DESCRIPTION (provided by applicant): Metastatic melanoma is a highly lethal human malignancy. Despite advances in the field, the molecular genetics of melanoma has not been fully characterized. The Cancer Genome Atlas reports high mutational load for melanoma. Identification of 'driver' genes and novel therapeutics remain as a major focus. Notably, there is a need to classify melanomas based on molecular signatures that has therapeutic relevance.
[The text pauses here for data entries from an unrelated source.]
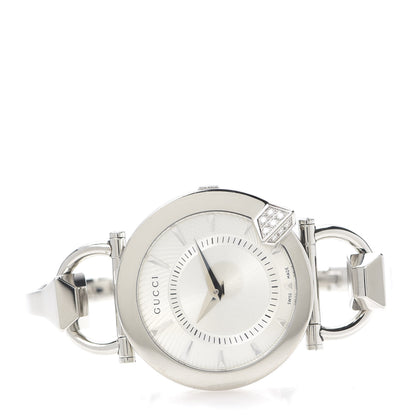 Gucci Stainless Steel Diamond 35mm Chiodo Quartz Watch 3 of 6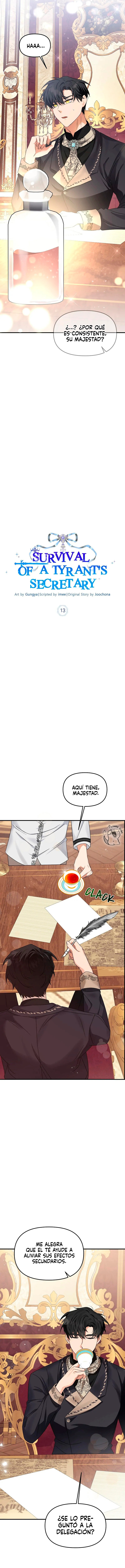 La secretaria del emperador quiere sobrevivir Capítulo 13 - Page 9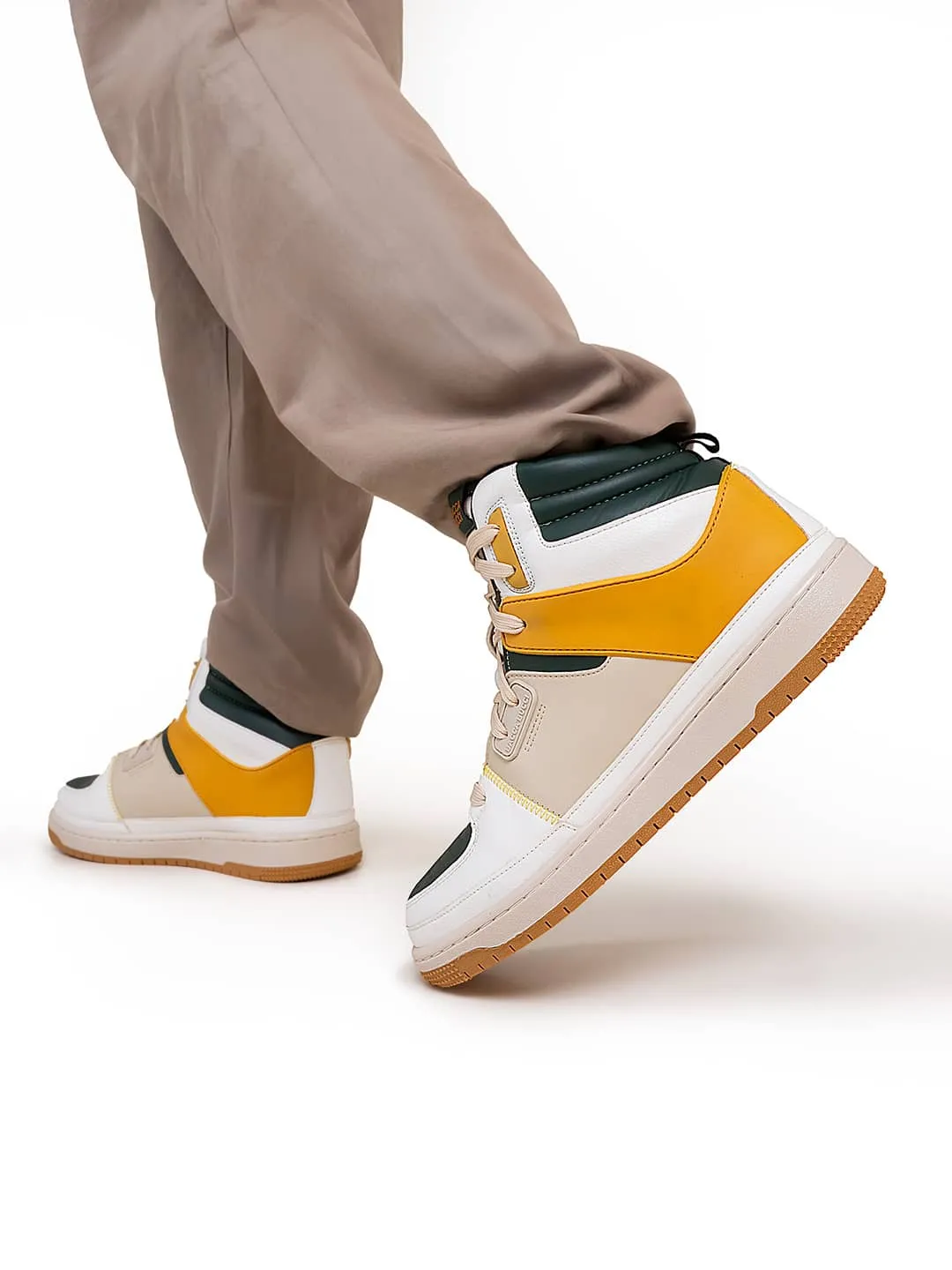 Bacca Bucci Gourmet Collection: High-Top Sneakers Inspired by Dessert Indulgence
Our main goal is to bring in new treatments to the therapeutic arena for melanoma and stratify patients for treatment based on genetic profiles. We identified FBXW7 mutations as a novel genetic event via exome sequencing of metastatic melanomas. FBXW7 is a tumor suppressor gene that encodes a member of the F-box protein family. The F-box proteins constitute one of the four subunits of ubiquitin protein ligase complex called SCFs (SKP1-cullin-F-box), which function in phosphorylation-dependent ubiquitination and regulates a network of proteins with central roles in cell division, cell growth and differentiation. The substrates of FBXW7 include well-characterized oncoproteins, one of which is NOTCH1. Screening of melanoma samples revealed missense and nonsense mutations in FBXW7, some of which were recurrent. We found that silencing of FBXW7 in human melanoma cell lines result in elevated NOTCH1 levels. Moreover, we showed that xenograft tumors with FBXW7 down regulation respond to NOTCH signaling inhibition. In this proposal, we aim to study the impact of FBXW7 mutations found in human melanoma and the therapeutic benefit of NOTCH1 inhibition in this setting. The studies in this proposal are designed to expand our knowledge regarding genetic events that influence melanoma development and metastasis with the goal of identifying novel targets for future mechanism-driven clinical trials. The ultimate goal of these studies is to translate knowledge gained from molecular studies into tools that can be used in clinical decision-making.

描述（由申请人提供）：转移性黑色素瘤是一种高度致命的人类恶性肿瘤。尽管该领域取得了进展，但黑色素瘤的分子遗传学尚未得到充分表征。癌症基因组图谱报告了黑色素瘤的高突变负荷。 “驱动”基因的识别和新疗法仍然是主要焦点。值得注意的是，需要根据具有治疗相关性的分子特征对黑色素瘤进行分类。我们的主要目标是为黑色素瘤的治疗领域引入新的治疗方法，并根据基因图谱对患者进行分层治疗。我们通过转移性黑色素瘤的外显子组测序将 FBXW7 突变鉴定为一种新的遗传事件。 FBXW7 是一种肿瘤抑制基因，编码 F-box 蛋白家族的成员。 F-box 蛋白构成泛素蛋白连接酶复合物 SCF (SKP1-cullin-F-box) 的四个亚基之一，其在磷酸化依赖性泛素化中发挥作用，并调节在细胞分裂、细胞生长中发挥核心作用的蛋白质网络。和差异化。 FBXW7 的底物包括已充分表征的癌蛋白，其中之一是 NOTCH1。对黑色素瘤样本的筛查发现 FBXW7 存在错义和无义突变，其中一些突变是反复出现的。我们发现人类黑色素瘤细胞系中 FBXW7 的沉默会导致 NOTCH1 水平升高。此外，我们发现 FBXW7 下调的异种移植肿瘤对 NOTCH 信号传导抑制有反应。在本提案中，我们的目标是研究人类黑色素瘤中发现的 FBXW7 突变的影响以及在这种情况下抑制 NOTCH1 的治疗益处。该提案中的研究旨在扩展我们对影响黑色素瘤发展和转移的遗传事件的了解，目的是为未来机制驱动的临床试验确定新靶点。这些研究的最终目标是将分子研究中获得的知识转化为可用于临床决策的工具。